Em uma nova reviravolta na expedição da sonda espacial europeia Rosetta, descobriu que o seu alvo, o cometa 67P/Churyumov-Gerasimenko, não tem campo magnético - informaram os cientistas nesta terça-feira. Um laboratório-robô enviado para o Cometa 67P em 12 de novembro do ano passado não encontrou evidências de que seu núcleo era magnetizado, disseram os estudiosos.
A descoberta pode varrer uma teoria fundamental sobre a formação de cometas e outros corpos do sistema solar, afirmou o pesquisador Hans-Ulrich Auster. Isso significaria que as forças magnéticas podem não ter desempenhado um papel, como teorizado por alguns, numa fase crucial da edificação dos planetas. A descoberta foi publicada na revista Science e apresentada simultaneamente em uma reunião da União Europeia de Geociências (EGU), em Viena.
O estudo foi feito com base em medições enviadas para casa por Philae, o laboratório do tamanho de uma máquina de lavar roupas, em novembro passado. A descida da nave-mãe em órbita Rosetta - que durou sete horas e percorreu 20 quilômetros - terminou com uma aterrissagem difícil, um acidente que acabou por ser uma bênção para a equipe de Auster.
A sonda, que pesa 100 quilogramas na Terra, mas menos do que uma pena na fraca gravidade do cometa, ricocheteou na superfície dura várias vezes antes de se acomodar em um ângulo em uma vala escura. "Essa trajetória complexa acabou por ser cientificamente benéfica", disse a Agência Espacial Europeia (ESA), em comunicado. "O voo não planejado na superfície, na verdade, significou que pudemos coletar medições precisas do campo magnético com Philae nos quatro pontos com que fizemos contato, numa variedade de alturas acima da superfície", explicou Auster.
Philae tinha energia de bateria armazenada suficiente para 60 horas de trabalho e enviou para casa uma coleção de dados preciosos antes de entrar em modo de espera em 15 de novembro. A partir da análise dos dados "concluímos que o cometa 67P/Churyumov-Gerasimenko é um objeto incrivelmente não-magnético", contou Auster.
Cometas são aglomerados de poeira primordial e gelo que giram em torno do Sol em órbitas elípticas. Rosetta, a missão de 1,4 bilhão de dólares (cerca de R$ 4,3 bilhões), tem como objetivo desvendar os segredos de cometas - que astrofísicos acreditam serem os "semeadores" da Terra com alguns dos ingredientes favoráveis à vida.
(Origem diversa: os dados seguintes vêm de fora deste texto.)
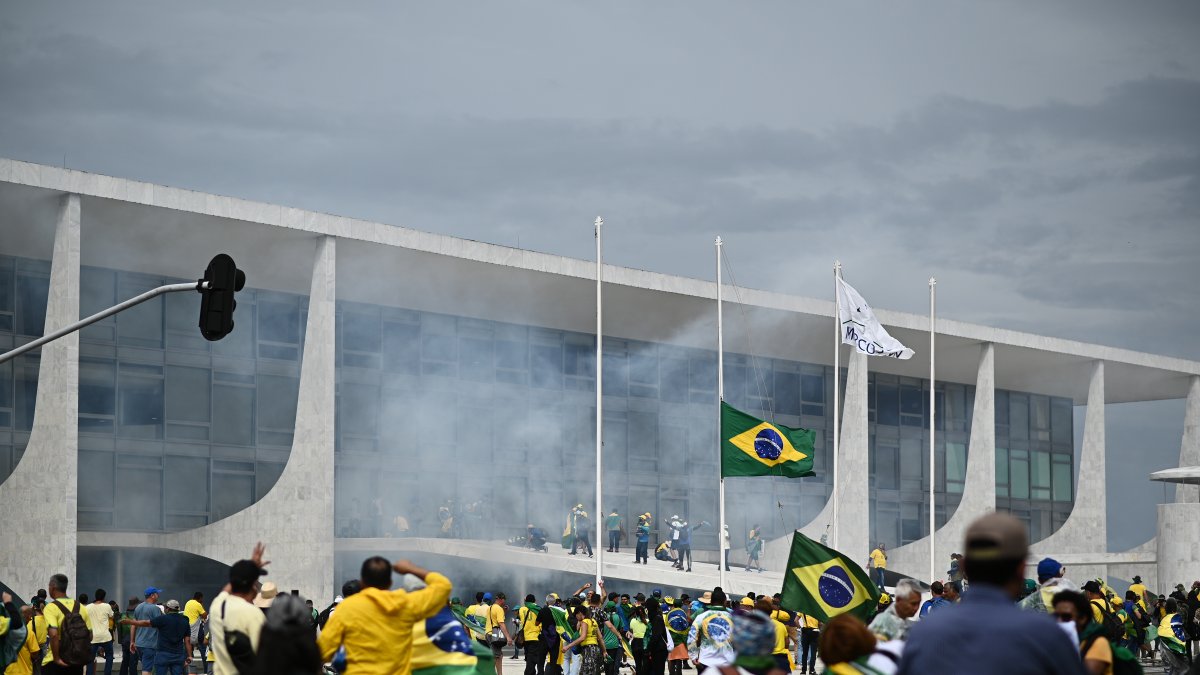 Seguidores del expresidente brasileño Jair Bolsonaro invadieron el domingo 8 de enero de 2023 el Palacio de Planalto, sede del Ejecutivo, y la Corte Suprema, y del Congreso Nacional.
ATRAÇA ANTIGA Outra área que desperta interesses é esta: o que os cometas podem revelar sobre o papel do magnetismo na formação do sistema solar quase 4,6 bilhões de anos atrás?
A ideia é que o Sol, asteroides, cometas, luas e planetas surgiram a partir de um disco de roda de gás e poeira - muitos deles grãos de magnetita, uma forma de ferro.
Na escala microscópica, campos magnéticos no disco protoplanetário ajudaram a manter o material de moita coeso para criar órgãos embrionários, segundo esta hipótese. Mas como o magnetismo ajudou no processo de deposição que veio depois ainda é um mistério.
Alguns teóricos sugeriram que o magnetismo pode ter desempenhado um papel na fase intermediária de construção do corpo, antes que o objeto se torne grande o suficiente - centenas de metros e depois quilômetros - por gravidade para assumir como força dominante. Mas os resultados divulgados nesta terça-feira parecem refutar esta tesa. "A teoria de que as forças magnéticas ajudaram a construir planetas torna-se menos provável", explicou Auster à AFP, da Technische Universitat Braunschweig, na Alemanha.
"Se o cometa 67P/Churyumov-Gerasimenko é representativo de todos os núcleos de cometas, então sugerimos que as forças magnéticas não são suscetíveis de ter desempenhado um papel na acumulação de blocos de construção planetários superiores a um metro", acrescentou.
Karl-Heinz Glassmeier, principal investigador da equipe Rosetta, disse que os campos magnéticos parecem ter sido "muito menores no início do Sistema Solar do que se pensava, porque se eles fossem maiores, provavelmente teriam provocado uma magnetização mais forte" no cometa 67P.
Rosetta entrou na órbita do cometa em agosto passado após uma caminhada de seis bilhões de quilômetros de mais de uma década que exigiu quatro sobrevoos da Terra e de Marte, usando a gravidade dos planetas como um estilingue para ganhar velocidade. O cometa deve atingir seu ponto mais próximo ao Sol, a uma distância de 186 milhões de quilômetros, em 13 de agosto.